Start of Records for this exercise
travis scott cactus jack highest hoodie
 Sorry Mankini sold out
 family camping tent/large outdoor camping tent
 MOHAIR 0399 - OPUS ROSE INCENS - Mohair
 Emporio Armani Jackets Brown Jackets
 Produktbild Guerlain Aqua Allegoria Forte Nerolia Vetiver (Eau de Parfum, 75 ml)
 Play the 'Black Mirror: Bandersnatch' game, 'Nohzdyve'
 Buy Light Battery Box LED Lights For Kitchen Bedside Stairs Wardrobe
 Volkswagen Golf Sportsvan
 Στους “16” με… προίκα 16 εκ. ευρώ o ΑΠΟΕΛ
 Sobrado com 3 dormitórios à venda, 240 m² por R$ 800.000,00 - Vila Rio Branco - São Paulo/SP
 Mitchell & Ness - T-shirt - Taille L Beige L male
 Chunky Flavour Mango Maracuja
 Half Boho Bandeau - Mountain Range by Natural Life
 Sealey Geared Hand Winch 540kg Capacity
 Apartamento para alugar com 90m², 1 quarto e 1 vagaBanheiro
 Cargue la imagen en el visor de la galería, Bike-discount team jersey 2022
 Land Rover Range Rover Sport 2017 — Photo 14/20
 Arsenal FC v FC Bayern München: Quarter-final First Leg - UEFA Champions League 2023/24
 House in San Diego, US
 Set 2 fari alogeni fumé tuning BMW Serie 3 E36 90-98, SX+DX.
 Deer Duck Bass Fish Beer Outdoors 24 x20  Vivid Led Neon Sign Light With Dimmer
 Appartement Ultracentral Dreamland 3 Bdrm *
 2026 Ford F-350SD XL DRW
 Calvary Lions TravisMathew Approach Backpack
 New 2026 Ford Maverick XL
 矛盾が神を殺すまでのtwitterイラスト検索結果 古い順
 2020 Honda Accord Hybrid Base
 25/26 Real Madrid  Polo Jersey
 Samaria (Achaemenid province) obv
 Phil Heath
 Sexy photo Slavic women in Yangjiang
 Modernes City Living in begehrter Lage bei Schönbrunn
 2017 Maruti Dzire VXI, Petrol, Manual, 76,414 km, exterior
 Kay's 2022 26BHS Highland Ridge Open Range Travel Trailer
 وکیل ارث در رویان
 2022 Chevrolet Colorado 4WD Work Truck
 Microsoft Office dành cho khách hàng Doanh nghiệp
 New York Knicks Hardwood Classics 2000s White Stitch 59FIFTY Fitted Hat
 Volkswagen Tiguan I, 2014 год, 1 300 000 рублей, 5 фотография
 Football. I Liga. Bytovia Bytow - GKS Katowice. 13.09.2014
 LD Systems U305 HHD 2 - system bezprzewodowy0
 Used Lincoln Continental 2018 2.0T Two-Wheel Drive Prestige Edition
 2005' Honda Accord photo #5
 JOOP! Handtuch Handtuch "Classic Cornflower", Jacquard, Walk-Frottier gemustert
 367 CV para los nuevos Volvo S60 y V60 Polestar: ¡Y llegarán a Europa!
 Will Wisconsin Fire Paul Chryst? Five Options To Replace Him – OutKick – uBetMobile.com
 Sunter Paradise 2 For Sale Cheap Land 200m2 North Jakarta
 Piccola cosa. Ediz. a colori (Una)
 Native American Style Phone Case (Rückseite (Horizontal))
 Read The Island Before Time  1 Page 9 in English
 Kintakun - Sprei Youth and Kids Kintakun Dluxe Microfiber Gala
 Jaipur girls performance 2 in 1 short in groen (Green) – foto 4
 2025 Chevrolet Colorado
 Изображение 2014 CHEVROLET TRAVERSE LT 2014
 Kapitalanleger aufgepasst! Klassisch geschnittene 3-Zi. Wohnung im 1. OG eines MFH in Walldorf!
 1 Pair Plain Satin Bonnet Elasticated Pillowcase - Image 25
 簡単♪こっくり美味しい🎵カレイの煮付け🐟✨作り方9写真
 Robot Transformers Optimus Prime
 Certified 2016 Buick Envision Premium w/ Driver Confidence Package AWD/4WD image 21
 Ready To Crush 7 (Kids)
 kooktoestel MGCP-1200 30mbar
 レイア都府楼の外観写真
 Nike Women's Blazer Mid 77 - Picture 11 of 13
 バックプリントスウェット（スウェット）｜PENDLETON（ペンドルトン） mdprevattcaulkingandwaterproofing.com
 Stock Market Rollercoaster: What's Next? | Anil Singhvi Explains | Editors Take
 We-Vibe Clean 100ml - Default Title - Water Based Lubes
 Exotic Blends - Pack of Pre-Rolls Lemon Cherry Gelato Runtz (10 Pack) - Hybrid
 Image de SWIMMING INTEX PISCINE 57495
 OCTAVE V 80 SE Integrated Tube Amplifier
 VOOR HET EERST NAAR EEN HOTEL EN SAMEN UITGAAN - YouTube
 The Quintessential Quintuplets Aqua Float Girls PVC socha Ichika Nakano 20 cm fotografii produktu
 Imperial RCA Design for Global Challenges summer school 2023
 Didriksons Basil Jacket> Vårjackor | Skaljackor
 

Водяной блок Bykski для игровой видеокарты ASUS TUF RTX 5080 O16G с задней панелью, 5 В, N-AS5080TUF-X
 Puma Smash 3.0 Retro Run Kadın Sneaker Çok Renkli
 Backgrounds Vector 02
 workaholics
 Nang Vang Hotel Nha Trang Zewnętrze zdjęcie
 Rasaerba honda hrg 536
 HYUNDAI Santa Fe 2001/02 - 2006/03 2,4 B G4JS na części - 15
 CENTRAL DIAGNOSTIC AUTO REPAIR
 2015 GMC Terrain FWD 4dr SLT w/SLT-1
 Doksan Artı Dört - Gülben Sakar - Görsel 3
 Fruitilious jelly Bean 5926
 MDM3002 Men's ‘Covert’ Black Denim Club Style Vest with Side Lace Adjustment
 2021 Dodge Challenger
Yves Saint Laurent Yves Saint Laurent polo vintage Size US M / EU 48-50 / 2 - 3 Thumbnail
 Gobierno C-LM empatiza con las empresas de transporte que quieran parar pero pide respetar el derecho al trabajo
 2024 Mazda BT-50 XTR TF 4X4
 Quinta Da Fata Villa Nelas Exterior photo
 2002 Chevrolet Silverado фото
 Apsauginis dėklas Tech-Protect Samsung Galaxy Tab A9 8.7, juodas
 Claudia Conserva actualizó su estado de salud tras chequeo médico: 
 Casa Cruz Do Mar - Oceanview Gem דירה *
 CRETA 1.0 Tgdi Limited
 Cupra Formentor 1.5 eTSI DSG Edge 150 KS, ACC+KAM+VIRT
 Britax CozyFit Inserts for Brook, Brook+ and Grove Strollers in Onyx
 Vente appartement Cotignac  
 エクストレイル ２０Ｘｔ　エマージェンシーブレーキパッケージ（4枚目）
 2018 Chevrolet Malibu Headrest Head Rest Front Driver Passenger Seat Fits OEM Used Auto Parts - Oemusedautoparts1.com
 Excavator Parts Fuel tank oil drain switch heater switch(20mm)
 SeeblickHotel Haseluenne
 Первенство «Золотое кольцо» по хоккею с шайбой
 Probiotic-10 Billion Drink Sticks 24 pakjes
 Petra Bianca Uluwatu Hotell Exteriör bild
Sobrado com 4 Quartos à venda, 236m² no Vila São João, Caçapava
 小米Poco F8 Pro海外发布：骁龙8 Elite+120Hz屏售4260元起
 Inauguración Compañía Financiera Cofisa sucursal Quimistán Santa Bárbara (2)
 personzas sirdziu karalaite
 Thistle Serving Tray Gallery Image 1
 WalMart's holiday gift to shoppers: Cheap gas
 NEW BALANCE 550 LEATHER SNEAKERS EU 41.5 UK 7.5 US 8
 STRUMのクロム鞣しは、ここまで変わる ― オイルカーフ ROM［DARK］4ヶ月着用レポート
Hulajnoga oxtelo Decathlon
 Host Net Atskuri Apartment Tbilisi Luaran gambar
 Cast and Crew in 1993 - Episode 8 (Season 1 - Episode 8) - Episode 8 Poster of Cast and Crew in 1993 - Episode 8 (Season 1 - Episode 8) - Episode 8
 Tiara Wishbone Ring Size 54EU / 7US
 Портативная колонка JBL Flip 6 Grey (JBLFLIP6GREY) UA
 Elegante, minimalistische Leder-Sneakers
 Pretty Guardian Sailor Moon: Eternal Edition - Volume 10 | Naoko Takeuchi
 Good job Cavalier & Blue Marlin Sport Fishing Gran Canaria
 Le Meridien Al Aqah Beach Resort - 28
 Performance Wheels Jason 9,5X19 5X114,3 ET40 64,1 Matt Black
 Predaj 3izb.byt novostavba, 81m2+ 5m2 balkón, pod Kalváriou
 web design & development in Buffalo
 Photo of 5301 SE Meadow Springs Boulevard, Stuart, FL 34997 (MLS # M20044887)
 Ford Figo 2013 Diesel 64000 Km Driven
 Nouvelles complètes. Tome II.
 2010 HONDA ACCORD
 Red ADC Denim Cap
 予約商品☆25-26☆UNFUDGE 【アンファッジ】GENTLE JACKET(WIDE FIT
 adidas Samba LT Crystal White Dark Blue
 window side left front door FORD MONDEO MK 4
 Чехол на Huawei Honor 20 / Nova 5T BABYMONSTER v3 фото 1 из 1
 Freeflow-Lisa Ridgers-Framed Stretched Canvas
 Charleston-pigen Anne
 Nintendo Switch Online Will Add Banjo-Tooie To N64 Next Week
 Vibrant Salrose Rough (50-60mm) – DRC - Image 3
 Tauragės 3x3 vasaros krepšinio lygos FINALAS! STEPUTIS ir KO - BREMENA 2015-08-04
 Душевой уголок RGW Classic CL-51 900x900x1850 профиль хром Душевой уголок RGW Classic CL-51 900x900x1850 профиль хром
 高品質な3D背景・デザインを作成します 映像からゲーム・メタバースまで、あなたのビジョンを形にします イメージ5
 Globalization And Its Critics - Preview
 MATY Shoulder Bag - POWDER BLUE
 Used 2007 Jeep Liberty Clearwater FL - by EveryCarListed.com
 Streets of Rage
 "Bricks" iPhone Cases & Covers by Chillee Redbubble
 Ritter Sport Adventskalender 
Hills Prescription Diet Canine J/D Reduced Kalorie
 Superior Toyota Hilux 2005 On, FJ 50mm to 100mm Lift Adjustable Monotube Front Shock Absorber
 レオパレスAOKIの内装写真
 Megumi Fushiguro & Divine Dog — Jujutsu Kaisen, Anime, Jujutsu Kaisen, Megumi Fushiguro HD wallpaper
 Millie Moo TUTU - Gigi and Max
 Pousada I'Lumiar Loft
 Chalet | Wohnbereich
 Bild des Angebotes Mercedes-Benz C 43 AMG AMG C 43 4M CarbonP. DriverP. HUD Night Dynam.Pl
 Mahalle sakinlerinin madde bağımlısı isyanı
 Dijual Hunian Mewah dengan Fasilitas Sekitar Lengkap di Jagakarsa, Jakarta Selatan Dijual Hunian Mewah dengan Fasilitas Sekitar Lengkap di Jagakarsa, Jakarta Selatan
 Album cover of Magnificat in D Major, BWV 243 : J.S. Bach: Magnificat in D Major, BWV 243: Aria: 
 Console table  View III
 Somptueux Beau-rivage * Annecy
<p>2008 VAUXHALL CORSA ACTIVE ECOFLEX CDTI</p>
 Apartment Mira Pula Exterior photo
End of Records for this exercise
Copy out the range of lines above starting at the line with "ευρώ o ΑΠΟΕΛ" and ending at the line with "367 CV para", exactly and including both.

 Στους “16” με… προίκα 16 εκ. ευρώ o ΑΠΟΕΛ
 Sobrado com 3 dormitórios à venda, 240 m² por R$ 800.000,00 - Vila Rio Branco - São Paulo/SP
 Mitchell & Ness - T-shirt - Taille L Beige L male
 Chunky Flavour Mango Maracuja
 Half Boho Bandeau - Mountain Range by Natural Life
 Sealey Geared Hand Winch 540kg Capacity
 Apartamento para alugar com 90m², 1 quarto e 1 vagaBanheiro
 Cargue la imagen en el visor de la galería, Bike-discount team jersey 2022
 Land Rover Range Rover Sport 2017 — Photo 14/20
 Arsenal FC v FC Bayern München: Quarter-final First Leg - UEFA Champions League 2023/24
 House in San Diego, US
 Set 2 fari alogeni fumé tuning BMW Serie 3 E36 90-98, SX+DX.
 Deer Duck Bass Fish Beer Outdoors 24 x20  Vivid Led Neon Sign Light With Dimmer
 Appartement Ultracentral Dreamland 3 Bdrm *
 2026 Ford F-350SD XL DRW
 Calvary Lions TravisMathew Approach Backpack
 New 2026 Ford Maverick XL
 矛盾が神を殺すまでのtwitterイラスト検索結果 古い順
 2020 Honda Accord Hybrid Base
 25/26 Real Madrid  Polo Jersey
 Samaria (Achaemenid province) obv
 Phil Heath
 Sexy photo Slavic women in Yangjiang
 Modernes City Living in begehrter Lage bei Schönbrunn
 2017 Maruti Dzire VXI, Petrol, Manual, 76,414 km, exterior
 Kay's 2022 26BHS Highland Ridge Open Range Travel Trailer
 وکیل ارث در رویان
 2022 Chevrolet Colorado 4WD Work Truck
 Microsoft Office dành cho khách hàng Doanh nghiệp
 New York Knicks Hardwood Classics 2000s White Stitch 59FIFTY Fitted Hat
 Volkswagen Tiguan I, 2014 год, 1 300 000 рублей, 5 фотография
 Football. I Liga. Bytovia Bytow - GKS Katowice. 13.09.2014
 LD Systems U305 HHD 2 - system bezprzewodowy0
 Used Lincoln Continental 2018 2.0T Two-Wheel Drive Prestige Edition
 2005' Honda Accord photo #5
 JOOP! Handtuch Handtuch "Classic Cornflower", Jacquard, Walk-Frottier gemustert
 367 CV para los nuevos Volvo S60 y V60 Polestar: ¡Y llegarán a Europa!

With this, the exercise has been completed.